Someone once suggested there is nothing new under the sun, and that's certainly true with this week's spate of reports about DLL hijacking attacks in Windows.

This is a well known vulnerability dating back many years. New reports that that specific Microsoft applications fall prey to this vulnerability are not at all surprising (http://tinyurl.com/33btjkh).

Microsoft is quoted by Computerworld (http://tinyurl.com/23ag8kb), saying:

"We're not talking about a vulnerability in a Microsoft product," said Christopher Budd, a senior communications manager with the company's MSRC, or Microsoft Security Response Center. "This is an attack vector that tricks an application into loading an untrusted library."

Assessing this statement requires a brief review of the facts. First, this is a vulnerability driven by the fact that Windows will search in all kinds of places to find a DLL that your application requests to be loaded, if you application is so "unsecure" as to identify that DLL only by file name instead of a fully specified pathname.
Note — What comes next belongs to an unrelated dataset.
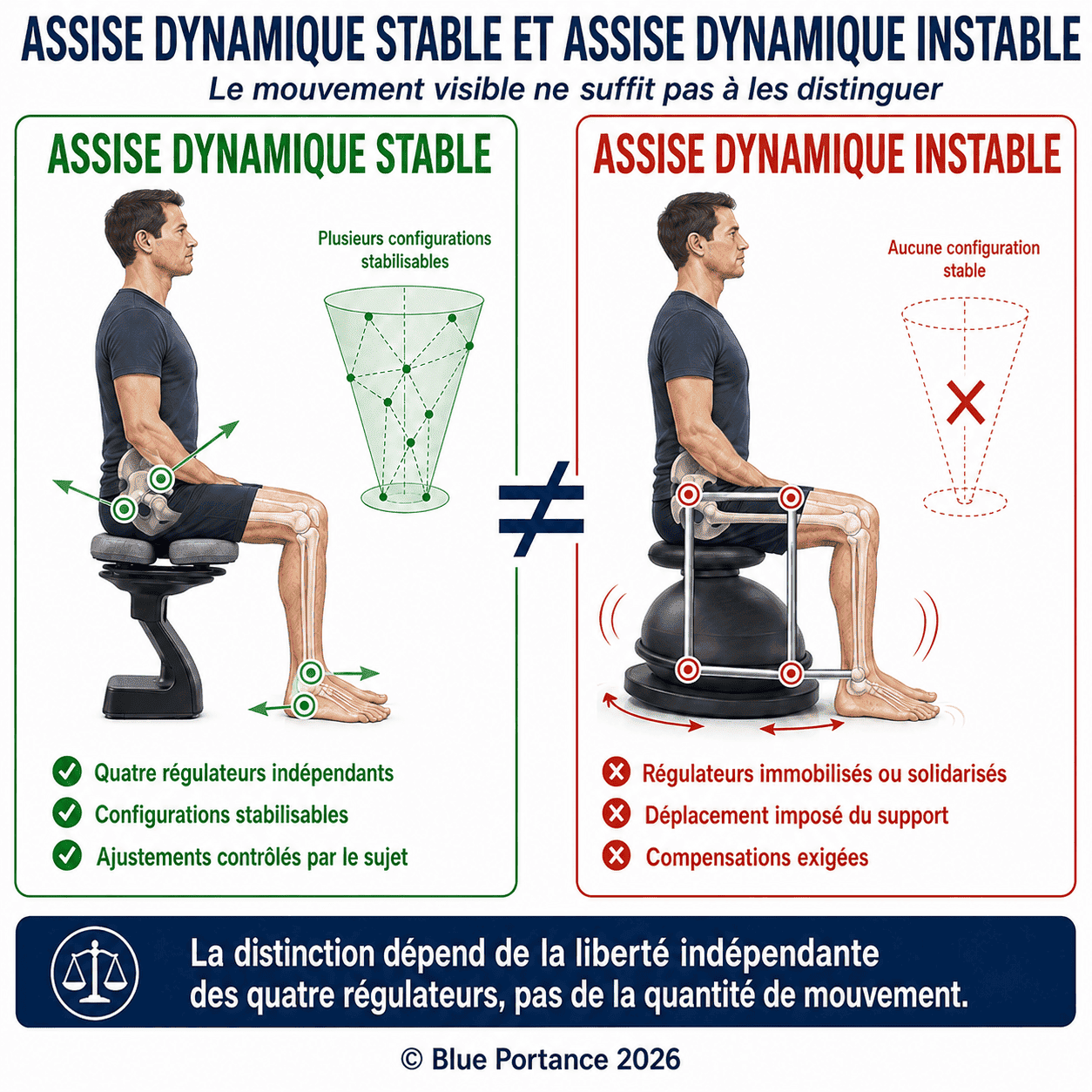 Comparaison entre indépendance des hanches et chevilles et immobilisation ou solidarisation de ces quatre régulateurs.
Why would applications fail to use a fully specified pathname? One good reason is compatibility: Microsoft DLL's are not consistently in the same location across different versions of Windows! Therefore software striving for compatibility needs to allow Windows to search for the DLL, or search itself. A second reason is simply because Windows allows it and thereby "it's easier".
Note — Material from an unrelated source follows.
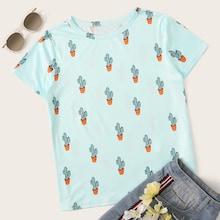 Romwe Allover Cactu Print Top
Windows first looks for the DLL by name in the current process's current ("working") directory. That's where an attacker can easily load their own replacement DLL under the same DLL name (through a wide variety of means, none legitimate but all relatively easy to perpetrate), if (as is usually the case) the current directory is not where the named DLL resides. The next time the application runs, viola, they have their own software now running on the computer. What can it do? Literally, just about anything, including quickly load other more subtle and pernicious bot-ware, key loggers, system scanners, etcetera.
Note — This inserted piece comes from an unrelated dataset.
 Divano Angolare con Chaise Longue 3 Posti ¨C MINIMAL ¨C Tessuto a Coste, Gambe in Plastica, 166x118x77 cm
Can applications operate in a manner to avoid the vulnerability? Yes, they can, but doing so is more complicated for the application developer. The key is to always load a specific DLL in a specific directory using a fully specified pathname. This in turn can create its own application compatibility issues, as any given path name to a system DLL is not guaranteed to be the same from Windows version to version! This is the true heart of the design issue, because any attempt to deal with this multiplicity of DLL locations across Windows versions in a single version of an application requires the application perform a "search" for the DLL across different directories...which is exactly what Windows does automatically for you and which opens up the application to a replacement DLL attack!

We here at Arxan are looking at this problem in an orthogonal manner, by identifying opportunities to validate that the proper DLL was loaded, regardless of its originating location. Those are the kinds of application internal security features we are quite good at. Note the elegance of this kind of solution: it doesn't require any application source code changes (because our technology inserts such checks directly into the binary application code), it creates no new dependencies on Windows specifics such as specific DLL locations in this or that version of Windows, and it is a security solution that migrates with the application itself.

To end with another ancient aphorism, if you want a job done, best to do it yourself. If you want your applications secure, don’t trust in the operating system to provide that security: secure your applications yourself!